History of the Peloponnesian War

Thucydides

Thucydides, Vol. 1-4. Smith, Charles Foster, translator. London and Cambridge, MA: Heinemann and Harvard University Press, 1919-1923.

These envoys, arriving at Lacedaemon after a hard voyage through the open sea, began negotiating for some aid for their countrymen.

But when the envoys to Athens returned without having accomplished anything, the people of Mytilene and the rest of Lesbos, except Methymna, began war; the Methymnaeans, however, supported the Athenians, as did also the Imbrians, Lemnians, and a few of the other allies.

The Mytilenaeans made a sortie in full force against the camp of the Athenians, and a battle occurred in which the Mytilenaeans had the advantage; nevertheless they did not have enough confidence in themselves to bivouack on the field, but withdrew. From this time on they kept quiet, being unwilling to risk an engagement without reinforcements from Peloponnesus and elsewhere. Such reinforcements they expected, for there had come to them Meleas a Laconian and Hermaeondas a Theban, who had been sent out before the revolt, but being unable to arrive before the Athenian expedition, had sailed in secretly after the battle in a trireme, and now advised them to send a second trireme and some envoys to accompany them. And this the Mytilenaeans did.

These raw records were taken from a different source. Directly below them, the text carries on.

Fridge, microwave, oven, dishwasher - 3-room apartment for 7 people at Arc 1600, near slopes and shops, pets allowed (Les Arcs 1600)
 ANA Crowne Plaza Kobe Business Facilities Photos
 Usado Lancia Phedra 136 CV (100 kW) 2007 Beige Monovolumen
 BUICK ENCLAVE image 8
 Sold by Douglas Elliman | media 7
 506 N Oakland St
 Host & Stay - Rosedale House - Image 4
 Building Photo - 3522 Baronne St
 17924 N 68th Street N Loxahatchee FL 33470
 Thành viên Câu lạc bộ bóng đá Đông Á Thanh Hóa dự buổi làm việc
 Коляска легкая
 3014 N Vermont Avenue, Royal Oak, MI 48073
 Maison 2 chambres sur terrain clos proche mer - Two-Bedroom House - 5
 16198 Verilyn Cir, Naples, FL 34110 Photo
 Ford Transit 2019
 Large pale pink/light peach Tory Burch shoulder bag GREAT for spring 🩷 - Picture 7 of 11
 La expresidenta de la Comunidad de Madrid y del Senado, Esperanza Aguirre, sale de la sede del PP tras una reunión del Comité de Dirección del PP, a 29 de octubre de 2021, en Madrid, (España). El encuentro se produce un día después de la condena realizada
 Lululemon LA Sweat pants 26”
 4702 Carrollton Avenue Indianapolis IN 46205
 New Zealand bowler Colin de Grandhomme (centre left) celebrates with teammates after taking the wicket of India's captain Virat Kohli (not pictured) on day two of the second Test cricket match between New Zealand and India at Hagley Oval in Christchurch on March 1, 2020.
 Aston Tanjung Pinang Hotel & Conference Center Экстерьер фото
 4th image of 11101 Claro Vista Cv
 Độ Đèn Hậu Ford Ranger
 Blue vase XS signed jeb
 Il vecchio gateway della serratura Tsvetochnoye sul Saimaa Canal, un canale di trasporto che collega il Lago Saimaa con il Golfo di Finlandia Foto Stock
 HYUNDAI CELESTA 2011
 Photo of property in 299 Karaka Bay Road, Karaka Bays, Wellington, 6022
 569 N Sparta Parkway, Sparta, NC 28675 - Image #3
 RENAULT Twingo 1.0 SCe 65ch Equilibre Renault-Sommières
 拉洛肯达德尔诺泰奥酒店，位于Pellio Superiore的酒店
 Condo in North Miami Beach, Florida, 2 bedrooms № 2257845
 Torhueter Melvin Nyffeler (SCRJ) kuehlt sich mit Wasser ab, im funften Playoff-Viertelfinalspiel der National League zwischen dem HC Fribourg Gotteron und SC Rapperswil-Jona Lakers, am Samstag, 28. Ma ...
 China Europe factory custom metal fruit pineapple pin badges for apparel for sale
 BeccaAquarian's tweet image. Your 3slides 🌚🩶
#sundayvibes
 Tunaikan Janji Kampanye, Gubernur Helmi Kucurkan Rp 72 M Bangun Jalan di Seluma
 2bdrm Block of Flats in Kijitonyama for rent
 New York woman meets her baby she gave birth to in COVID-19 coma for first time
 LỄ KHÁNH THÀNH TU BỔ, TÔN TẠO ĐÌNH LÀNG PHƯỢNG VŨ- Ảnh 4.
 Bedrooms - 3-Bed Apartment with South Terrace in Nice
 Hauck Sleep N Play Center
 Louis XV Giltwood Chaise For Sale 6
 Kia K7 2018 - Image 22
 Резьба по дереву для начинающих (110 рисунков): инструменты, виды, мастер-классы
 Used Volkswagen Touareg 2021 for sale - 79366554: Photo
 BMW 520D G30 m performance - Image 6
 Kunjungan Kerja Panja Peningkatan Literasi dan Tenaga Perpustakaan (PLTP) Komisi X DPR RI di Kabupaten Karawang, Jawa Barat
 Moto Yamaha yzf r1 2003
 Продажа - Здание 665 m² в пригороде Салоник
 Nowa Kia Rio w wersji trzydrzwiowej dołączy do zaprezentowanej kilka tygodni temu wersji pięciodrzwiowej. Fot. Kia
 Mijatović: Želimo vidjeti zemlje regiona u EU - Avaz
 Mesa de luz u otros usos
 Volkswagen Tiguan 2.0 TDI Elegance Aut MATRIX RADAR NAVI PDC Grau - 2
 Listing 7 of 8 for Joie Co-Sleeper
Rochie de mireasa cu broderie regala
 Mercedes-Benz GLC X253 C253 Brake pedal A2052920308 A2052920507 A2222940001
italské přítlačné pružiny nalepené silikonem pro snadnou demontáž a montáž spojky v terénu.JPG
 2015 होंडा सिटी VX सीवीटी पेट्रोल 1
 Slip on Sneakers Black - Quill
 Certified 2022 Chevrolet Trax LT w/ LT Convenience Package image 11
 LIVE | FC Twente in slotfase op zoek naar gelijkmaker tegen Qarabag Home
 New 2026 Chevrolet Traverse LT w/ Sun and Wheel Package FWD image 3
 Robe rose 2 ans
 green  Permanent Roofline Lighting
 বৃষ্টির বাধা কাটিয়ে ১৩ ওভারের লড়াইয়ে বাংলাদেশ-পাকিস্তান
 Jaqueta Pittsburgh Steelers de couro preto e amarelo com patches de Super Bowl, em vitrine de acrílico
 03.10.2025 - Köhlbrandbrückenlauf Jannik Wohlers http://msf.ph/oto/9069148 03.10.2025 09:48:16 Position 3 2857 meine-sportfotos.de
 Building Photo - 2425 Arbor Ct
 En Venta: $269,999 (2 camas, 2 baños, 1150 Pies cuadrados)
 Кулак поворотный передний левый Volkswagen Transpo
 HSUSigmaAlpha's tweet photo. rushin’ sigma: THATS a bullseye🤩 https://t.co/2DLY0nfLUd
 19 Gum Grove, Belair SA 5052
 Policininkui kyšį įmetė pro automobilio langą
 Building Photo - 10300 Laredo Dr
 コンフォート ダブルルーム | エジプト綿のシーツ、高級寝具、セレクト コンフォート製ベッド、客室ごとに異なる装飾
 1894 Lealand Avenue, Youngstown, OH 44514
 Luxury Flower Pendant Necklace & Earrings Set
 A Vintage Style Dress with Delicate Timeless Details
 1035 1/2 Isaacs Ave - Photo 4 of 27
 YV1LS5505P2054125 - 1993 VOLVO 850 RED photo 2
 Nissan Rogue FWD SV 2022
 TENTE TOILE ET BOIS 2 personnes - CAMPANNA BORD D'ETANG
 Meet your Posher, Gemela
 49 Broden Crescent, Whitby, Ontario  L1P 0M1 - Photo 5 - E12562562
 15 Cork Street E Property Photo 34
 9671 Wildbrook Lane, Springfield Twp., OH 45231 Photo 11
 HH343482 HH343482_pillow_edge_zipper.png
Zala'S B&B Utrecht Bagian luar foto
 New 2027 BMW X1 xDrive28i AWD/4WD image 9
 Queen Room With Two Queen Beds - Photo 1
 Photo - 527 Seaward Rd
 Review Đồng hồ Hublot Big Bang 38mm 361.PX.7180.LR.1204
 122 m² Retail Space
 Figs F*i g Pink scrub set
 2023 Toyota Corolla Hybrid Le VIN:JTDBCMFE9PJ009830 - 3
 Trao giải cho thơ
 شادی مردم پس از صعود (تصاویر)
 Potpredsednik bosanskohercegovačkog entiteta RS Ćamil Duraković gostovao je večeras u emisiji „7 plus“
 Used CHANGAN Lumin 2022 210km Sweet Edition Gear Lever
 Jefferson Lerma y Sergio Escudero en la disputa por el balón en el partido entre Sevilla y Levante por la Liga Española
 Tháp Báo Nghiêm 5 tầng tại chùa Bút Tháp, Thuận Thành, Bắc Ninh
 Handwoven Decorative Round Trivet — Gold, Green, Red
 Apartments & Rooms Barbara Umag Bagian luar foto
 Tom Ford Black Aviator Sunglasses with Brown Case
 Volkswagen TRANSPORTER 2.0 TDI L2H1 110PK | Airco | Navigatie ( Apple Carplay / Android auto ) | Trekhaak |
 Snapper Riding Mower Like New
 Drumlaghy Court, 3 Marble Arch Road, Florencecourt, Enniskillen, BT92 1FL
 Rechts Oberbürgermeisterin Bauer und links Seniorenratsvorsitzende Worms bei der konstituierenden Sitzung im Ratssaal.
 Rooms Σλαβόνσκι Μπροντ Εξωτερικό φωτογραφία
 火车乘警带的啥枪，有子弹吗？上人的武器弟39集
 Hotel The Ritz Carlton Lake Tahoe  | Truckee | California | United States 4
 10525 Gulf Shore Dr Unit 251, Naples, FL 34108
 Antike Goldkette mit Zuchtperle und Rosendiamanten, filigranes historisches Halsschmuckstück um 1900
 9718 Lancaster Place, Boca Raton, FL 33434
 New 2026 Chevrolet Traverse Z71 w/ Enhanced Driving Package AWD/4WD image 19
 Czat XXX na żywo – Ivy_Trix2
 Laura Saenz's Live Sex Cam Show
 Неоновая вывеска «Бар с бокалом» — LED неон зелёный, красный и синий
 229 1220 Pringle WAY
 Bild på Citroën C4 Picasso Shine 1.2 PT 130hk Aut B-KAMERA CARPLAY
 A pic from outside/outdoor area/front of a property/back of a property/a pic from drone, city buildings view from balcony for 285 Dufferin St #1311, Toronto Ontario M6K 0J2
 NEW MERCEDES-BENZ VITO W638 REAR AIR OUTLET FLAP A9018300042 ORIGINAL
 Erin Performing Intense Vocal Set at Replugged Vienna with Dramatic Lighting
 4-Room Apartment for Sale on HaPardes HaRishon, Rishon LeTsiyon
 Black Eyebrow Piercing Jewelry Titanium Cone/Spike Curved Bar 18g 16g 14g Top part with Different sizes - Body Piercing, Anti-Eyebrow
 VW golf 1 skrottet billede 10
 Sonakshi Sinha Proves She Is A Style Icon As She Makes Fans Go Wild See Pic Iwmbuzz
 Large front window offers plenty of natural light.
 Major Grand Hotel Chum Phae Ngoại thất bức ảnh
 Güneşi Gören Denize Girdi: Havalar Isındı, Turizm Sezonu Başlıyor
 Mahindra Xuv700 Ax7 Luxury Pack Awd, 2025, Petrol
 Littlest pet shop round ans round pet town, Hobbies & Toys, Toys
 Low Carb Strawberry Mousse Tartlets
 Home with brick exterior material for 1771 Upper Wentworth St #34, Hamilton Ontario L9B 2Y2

Meanwhile the Athenians, much encouraged by the inactivity of the Mytilenaeans, summoned their allies, who put in an appearance the more quickly as they saw that no energetic measures were being taken by the Lesbians. They also placed their ships at anchor round the southern part of the town, and established a blockade against both harbours.

Thus they excluded the Mytilenaeans from the use of the sea; but as for the land, the Mytilenaeans and the other Lesbians, who had now come to their aid, dominated all the island, except the small strip held by the Athenians in the neighbourhood of their camps, and it was Malea rather than their camps that they used as a station for boats and supplies. Such was the course of the war at Mytilene.